Pero también habría que reconocer que allí afuera hay mucho
de bueno y que en gran medida eso mismo es lo que nos permite aprender y
superarnos, por poco que sea. Aún lo mínimo, si es bueno, enseña.
Pero sucede que, al hacernos ciertas preguntas, no siempre
encontramos la valentía para contestarlas:
¿Qué suelen ver los demás cuando nos miran a través de esa
misma ventana?
¿Nos verán como realmente somos?
¿Qué interpretarán al observarnos? ¿Encontrarán todo en
orden?
Cuando nosotros miramos hacia el mundo, enseguida pensamos que
habría muchas cosas para cambiar en él, pero tal vez “nos olvidamos” que los
demás también practican el mismo derecho de observarnos y opinar.
Es entonces que quizás optamos por la negación y decidimos
cerrar la ventana para no ver aquello que nos resulta ingrato del mundo
exterior.
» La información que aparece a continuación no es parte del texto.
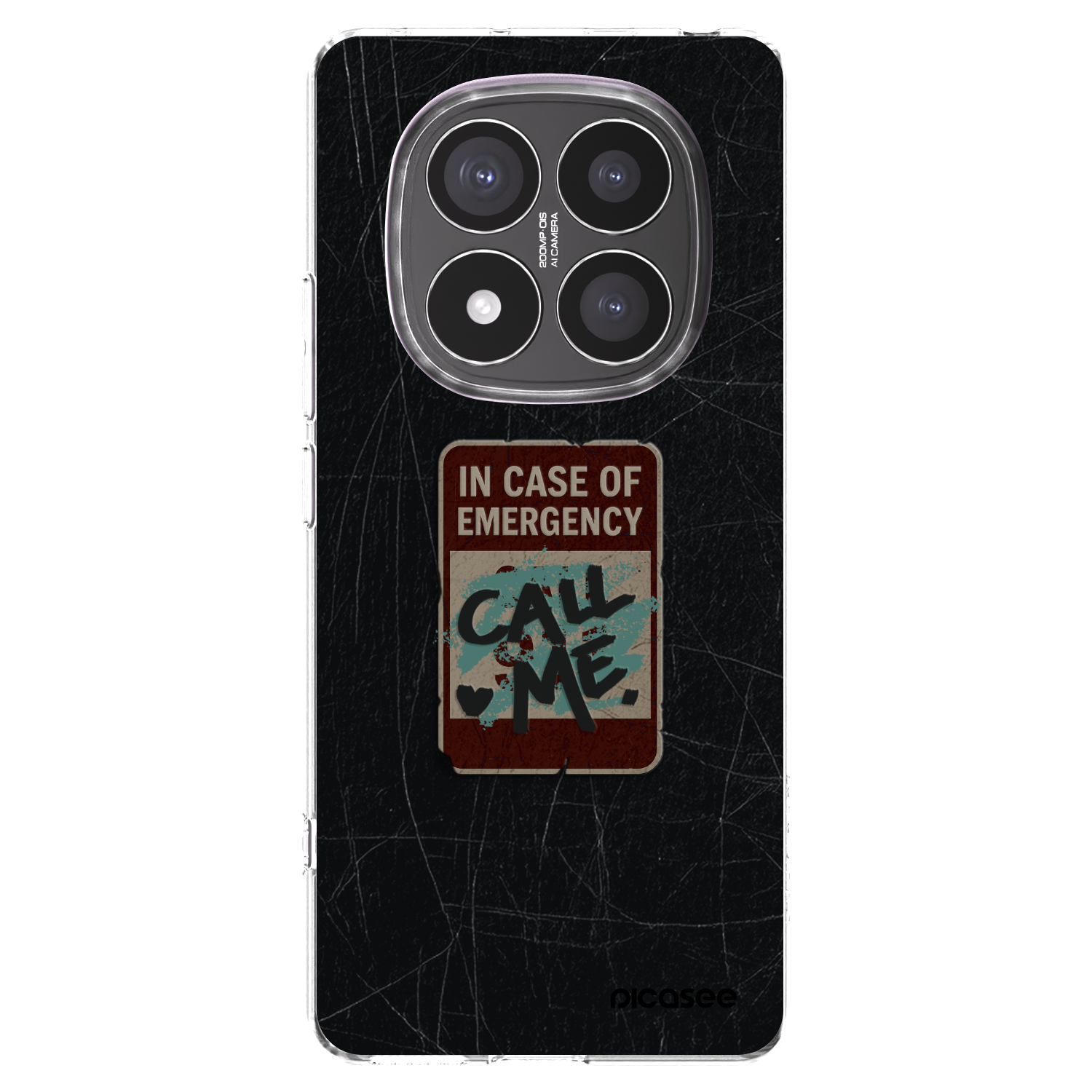 Silikónový prehľadný obal pre Xiaomi Redmi Note 14 Pro+ 5G - EMERGENCY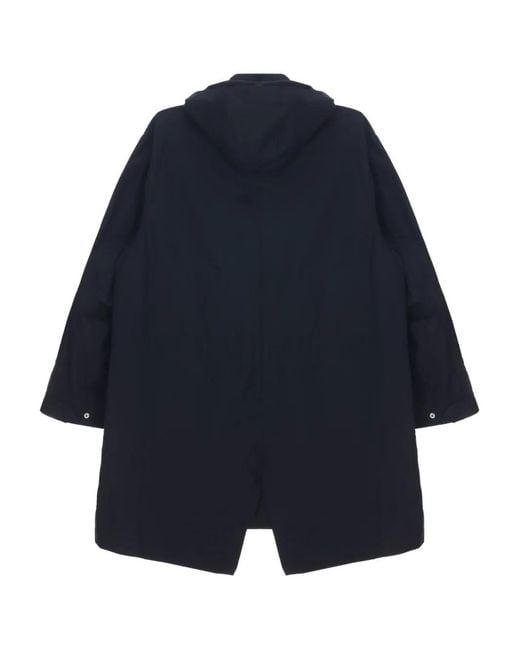 Studio Nicholson Blue Mobi Hooded Drawstring Parka for men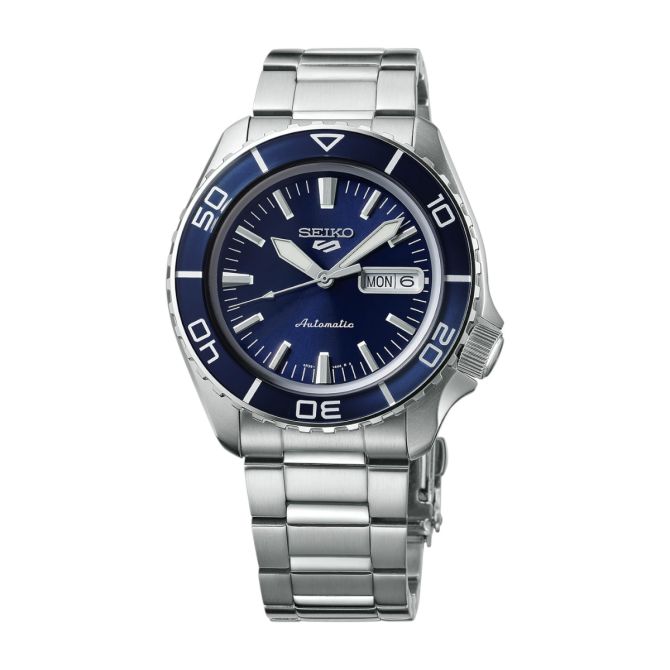 Seiko 5 Sports Stainless Steel 42.5 mm Watch, Blue Dial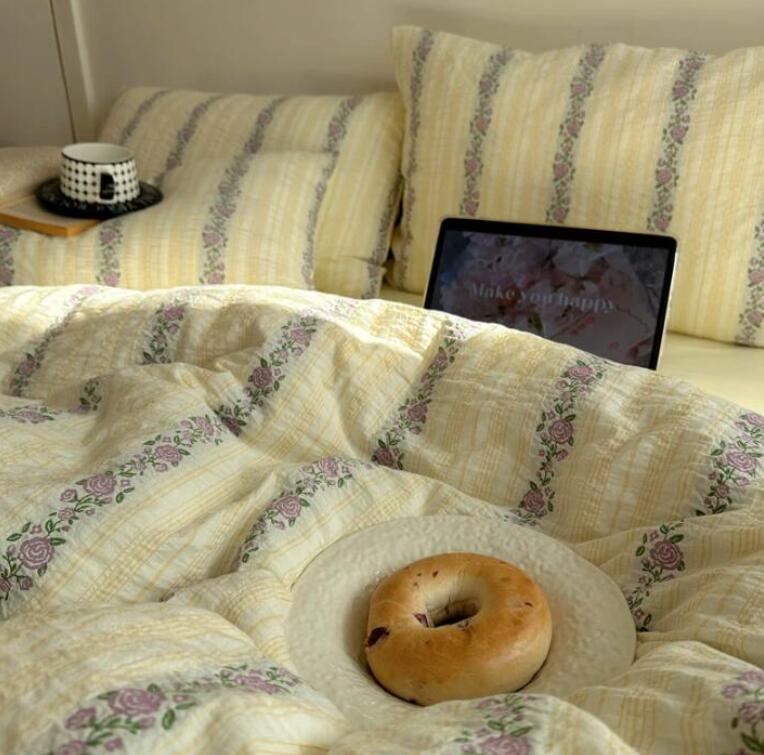 送料無料 布団カバーセット バラ 花柄 洗いざらし 綿100％ 通気性 柔らか 掛ふとんカバー3点セット 4点セット シングル ダブル クイーン ボックスシーツ/フラットシーツ 掛け布団カバー 枕カバー 寝具カバーセット ゴムバンド 新生活 インテリア 丸洗いOK★激安★セール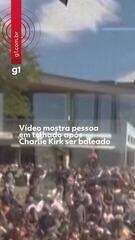 Vídeo mostra pessoa em telhado após Charlie Kirk ser baleado Vídeo mostra pessoa em telhado após Charlie Kirk ser baleado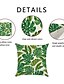 cheap Home &amp; Garden-1 Set of 5 Pcs Green Leaf Botanical Series Throw Pillow Covers Modern Decorative Throw Pillow Case Cushion Case for Room Bedroom Room Sofa Chair Car Outdoor Cushion for Sofa Couch Bed Chair Green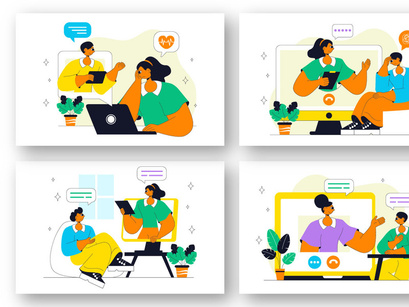 10 Online Mental Health Support Illustration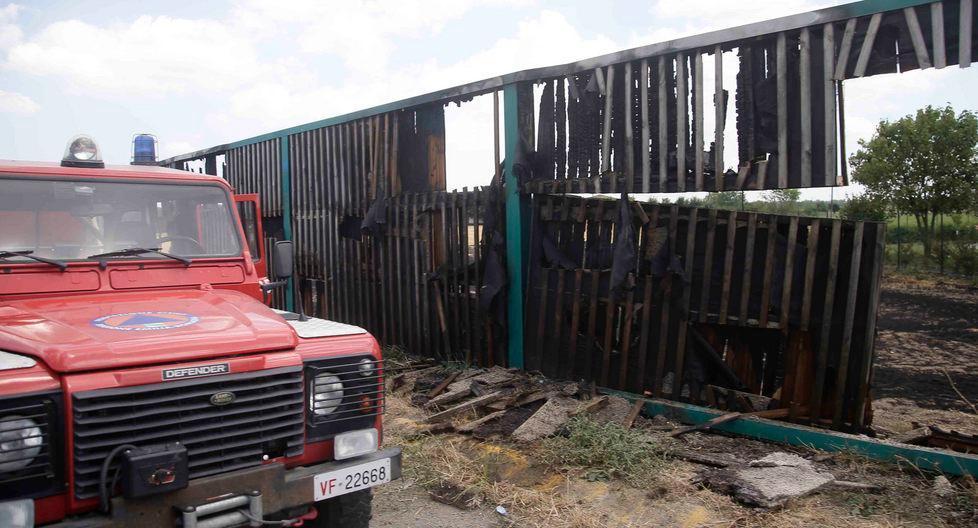 In fiamme le barriere anti-rumore 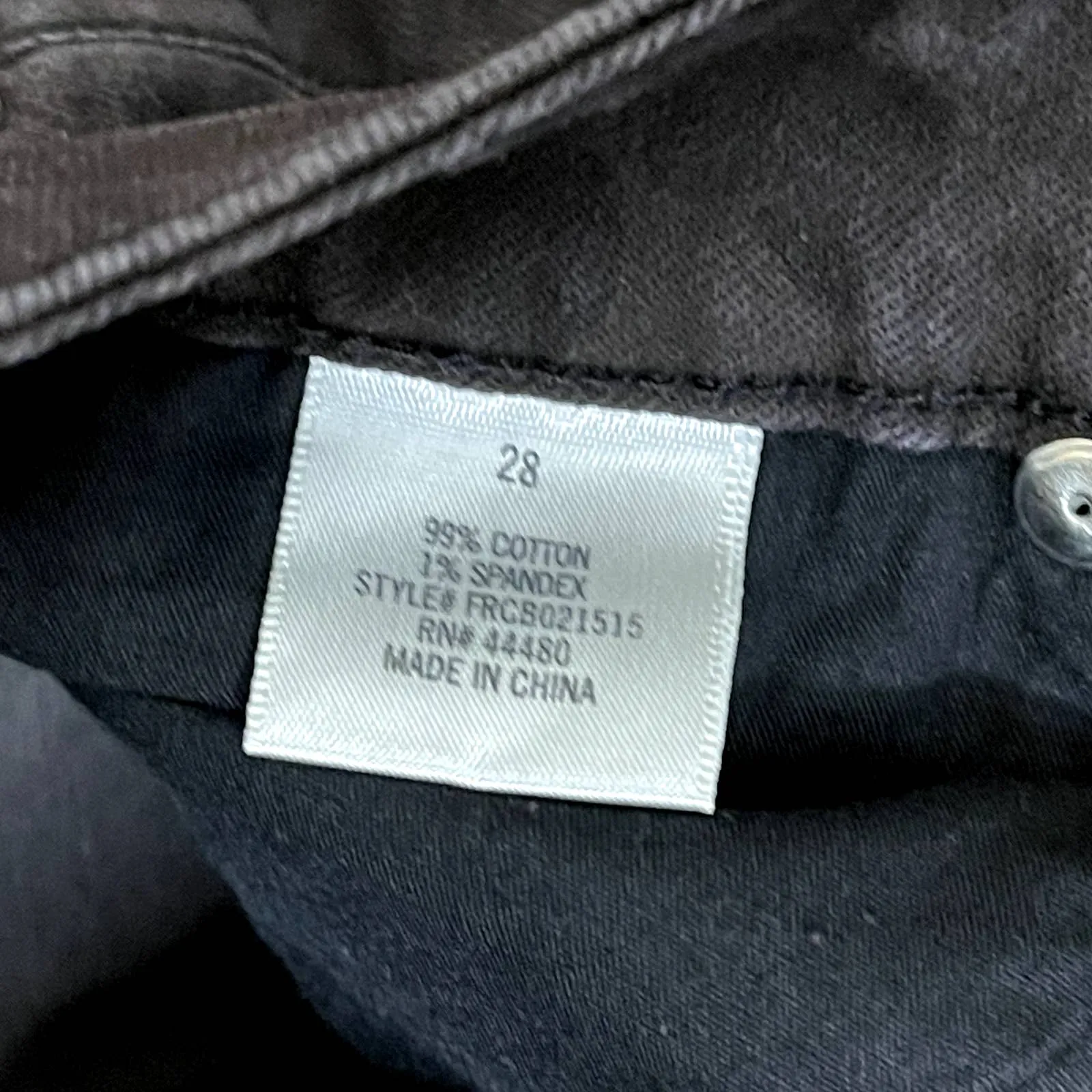 Harper Skinny Jeans Size 28 Black Gray Animal Print Womens Denim‎ Stretch 28X27 - Image 5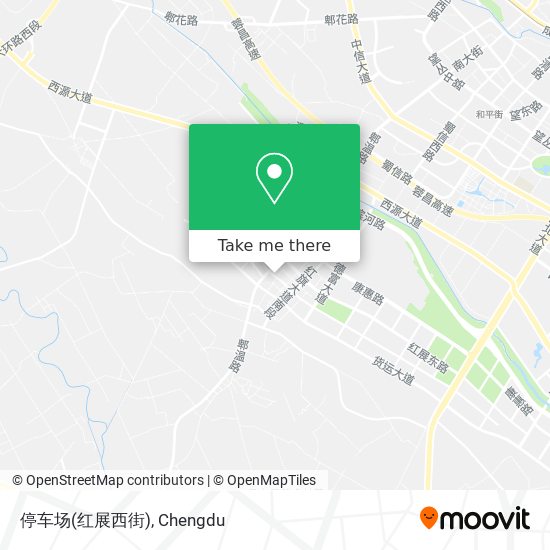 停车场(红展西街) map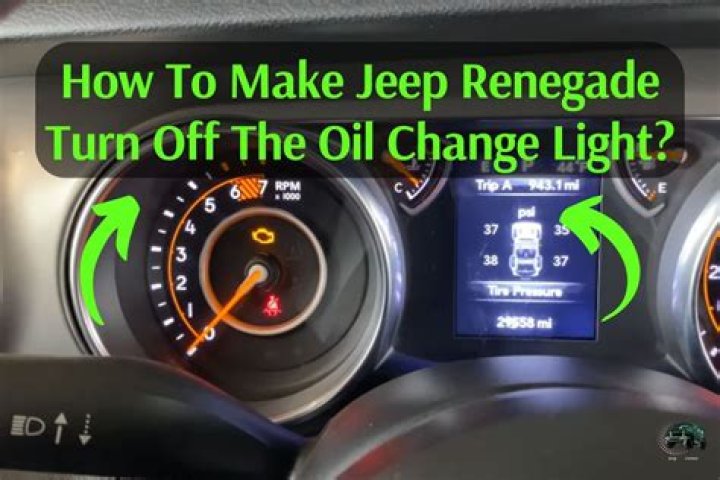 How do I turn off the change oil reminder?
Se nos ocurre que es una forma simple de eliminar lo que nos molesta,
aun comprendiendo que de esa manera los demás tampoco nos verán y que terminaremos
encerrados.
Si lo pensáramos bien, llegaríamos a la conclusión que fundamentalmente
somos nosotros quienes deberíamos hacer algunos cambios, definiendo con
sinceridad quién somos y cómo somos, para luego sí llegar al equilibrio, aprendiendo
a dejar abierta la ventana con total tranquilidad, sin estar pendiente
obsesivamente de lo que los demás hacen o dicen, o si se acercan a su vez para evaluarnos.
Que quede abierta para tener la posibilidad de airearnos y
comunicarnos, no para juzgar o exhibirnos.